Fresh from the success of his Oscar nomination for playing Facebook founder Mark Zuckerberg in The Social Network, Jesse Eisenberg plays Rio’s lead, the domesticated Spix’s macaw Blu. Though born in Rio, the young Blu was transported by smugglers to the States, where he’s been living comfortably in a small town in Minnesota with his owner and best friend, Linda.
To help save the species, the domesticated Blu is sent back to Rio to mate with the fiercely independent Jewel. Like his character, 27-year-old Jesse is also enjoying Rio for the first time, and shares his views of the city and his experiences working on the movie.
How has the animated movie experience been for you?
JE: This has been such a wonderful and unique experience – I’ve never done an animated movie before, so it was so interesting to see what the characters looked like prior to performing as the character, and it was wonderful to see the world that Carlos and the other wonderful animators had created. It was interesting to act in, and in some ways almost more interesting to watch how this process is done.
What can you tell us about your character?
Blu’s a fish out of water. He’s led a protected life in Minnesota, he’s very smart, reads everything, and is very analytical. But none of that helps him fly. He’s got a checklist, a pile of books about the science of aeronautics, and a mountain of advanced math equations in which he’s quadrated vector angles – adjusting for wind shear, of course – but it doesn’t work, because no book can unlock the art of flying for a bird.
What did you like most about your character?
One of the things I really liked about Blu was that he had an eagerness to learn about other cultures and he had such an open mind, but he’s very cautious. I thought I could relate to that because I love to travel – I’ve travelled all over the world. I’m so eager to learn about other cultures and to experience life in other places, and like Blu, I also do it cautiously.
How has the experience of inhabiting an animated character like Blu compared to working on a live action film?
In a way it’s very inspiring – it gives you ideas about the character that you’d be unable to come up with otherwise using your own imagination. Here you’re supported by around 300 incredible artists.
How did it work on a practical level for you?
Well, we would record a session and they would animate to that session, and then we’d go in a month later and it would be light years ahead of what I expected it to be.
In what way?
They would have animated entire sequences in that period of time, and then I would re-record based on what they had done. It was so much fun – you get comfortable over the several month period of recording, and by the end you’re kind of acting like a child with Carlos jumping around the room with your shoes off telling you these ridiculous scenes. Then you open your eyes and see there are several people watching and you realize you must have looked like an idiot. It became really comfortable and fun to do, and unlike acting in a live action movie where you’re focussing on different kinds of things, this is a uniquely freeing experience.

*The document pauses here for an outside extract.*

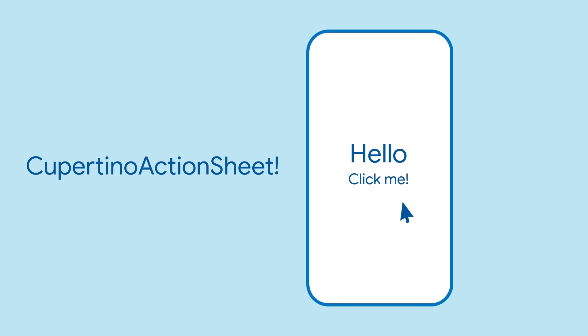And there we have it, a list of actions that slide in from the bottom in iOS style. But we're not quite done yet. How do we know which action a user selected?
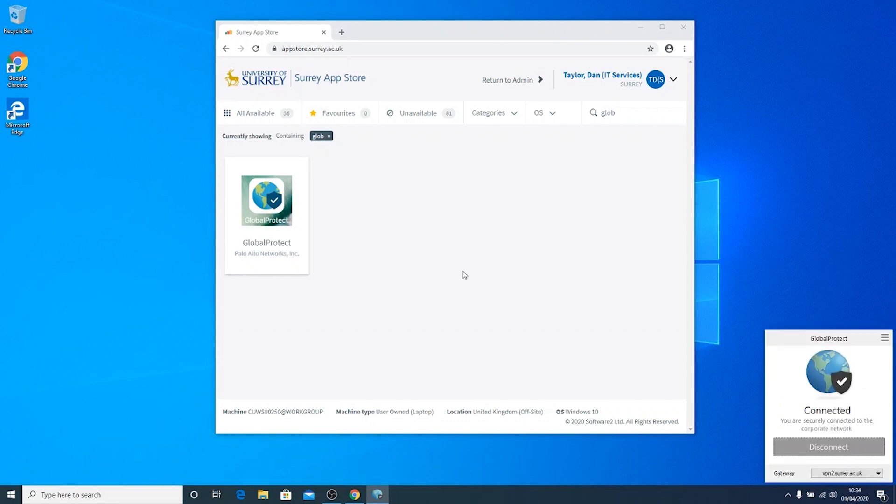Once connected, the Global Protect app will say Connected. You are now connected to the University Network.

How did you come up with the voice?
I worked on the voice with a Scottish vocal coach for six years, then threw all that away and just used my own exact voice!
It has to be said – Blu does sound very much like what we know of Jesse Eisenberg….
Yes, though I actually didn’t know what they wanted. I read the script and really liked it and I’d seen the images and thought they were beautiful. Then I spoke with Carlos and I thought he had an incredible passion for the story and I was so happy to see it was a personally derived story, but I didn’t know if they wanted a silly voice or not. I met again with Carlos and with Vanessa, who runs Fox Animation, and they encouraged me to do my voice and bring my personality to it.
Did you improvise much?
Yes, I was encouraged to do jokes that I thought were funny in addition to what they had written, and so it became a collaboration between what I could bring to it, and what they had spent years and years creating – which, to be honest, was 90% of the character. It was so inspiring to see all the work that they’d done – when I stepped into the recording studio, like I said my character had been 90% created.
And how have your experiences of the real Rio been?
You just can’t believe what the city looks like and what it feels like to be here until you’re here. It’s incredibly unique geographically – it’s a huge city that’s been built surrounded by wonderful rock formations and mountains, and it’s just astounding to be here. You can’t just look at an image and get that feeling.